Created by the Legislature in 1977, the Sunset Commission reviews each of the state’s 150 agencies every 12 years, looking for waste, inefficiency and duplication.

The commission’s 12 members often tweak staff recommendations, then fire them to the Legislature before the agencies are reauthorized.

If an agency is not reauthorized, it dies. This seldom happens, but Sunset recommendations have led to changes, even a few important ones.

One big reason TxDOT’s evaluation got so much ink and air time is that it is unusually harsh and extensive. But it also confronts incredibly contentious Texas issues: TxDOT’s relentless drive to build toll roads, privatize state roads and build the Trans-Texas Corridor that will cut through thousands of acres of private property.

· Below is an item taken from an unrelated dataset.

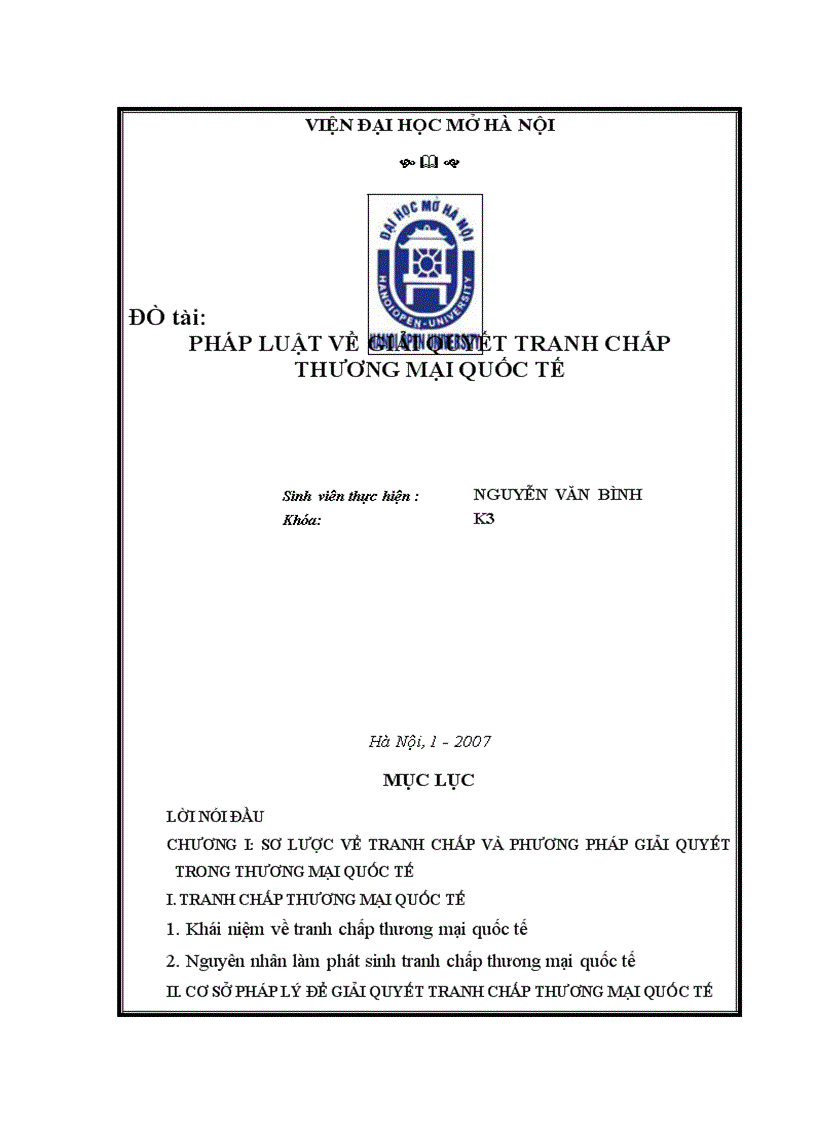 image for page Pháp luật về giải quyết tranh chấp thương mại quốc tế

TxDOT’s ham-handed actions have created a broad and deep-seated distrust of the agency, so it wasn’t surprising to read in the staff report’s second paragraph: “Sunset staff found that this … distrust permeated most of TxDOT’s actions and determined that it could not be an effective state transportation agency if trust and confidence were not restored.”

And if that isn’t clear enough, ask the thousands who attended TxDOT’s public hearings on these issues and were treated rudely and then blown off entirely, or the reporters and others who sought public information only to be stonewalled.

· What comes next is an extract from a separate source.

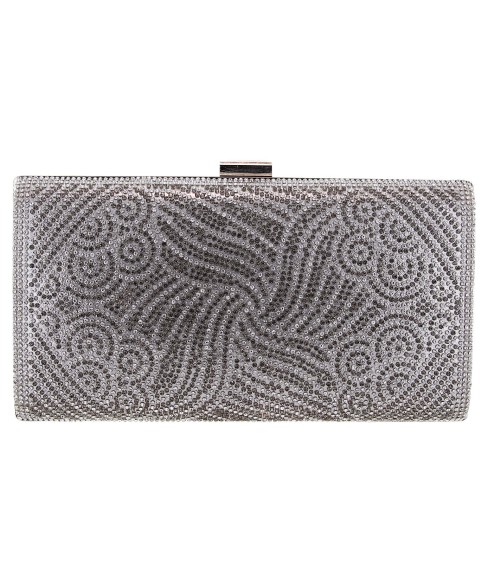 Crystal-Embellished Evening Clutch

TxDOT — which spends $8 billion annually — is not only dysfunctional, it is clearly hell-bent on pushing an agenda that few outside of the road-construction industry agree with.

But the Sunset report also excoriates its secrecy, and disingenuousness, and for how it remains unaccountable, even to the lawmakers who appropriate its budget. It also details management, bookkeeping and policy-development practices that are, at best, questionable.

TxDOT’s projected $86 billion shortfall, for example, was even disputed by the Governor’s Business Council Transportation Task Force before the state auditor faulted its seriously flawed methodology.

And what about that $1.1 billion accounting error that TxDOT kept under wraps for months? Or the instances in which the propriety of expenditures — like spending millions to promote and lobby for the Trans-Texas Corridor — have been seriously questioned?

And some of its practices have also made it difficult, if not impossible, to verify if appropriations are being spent for their intended purposes.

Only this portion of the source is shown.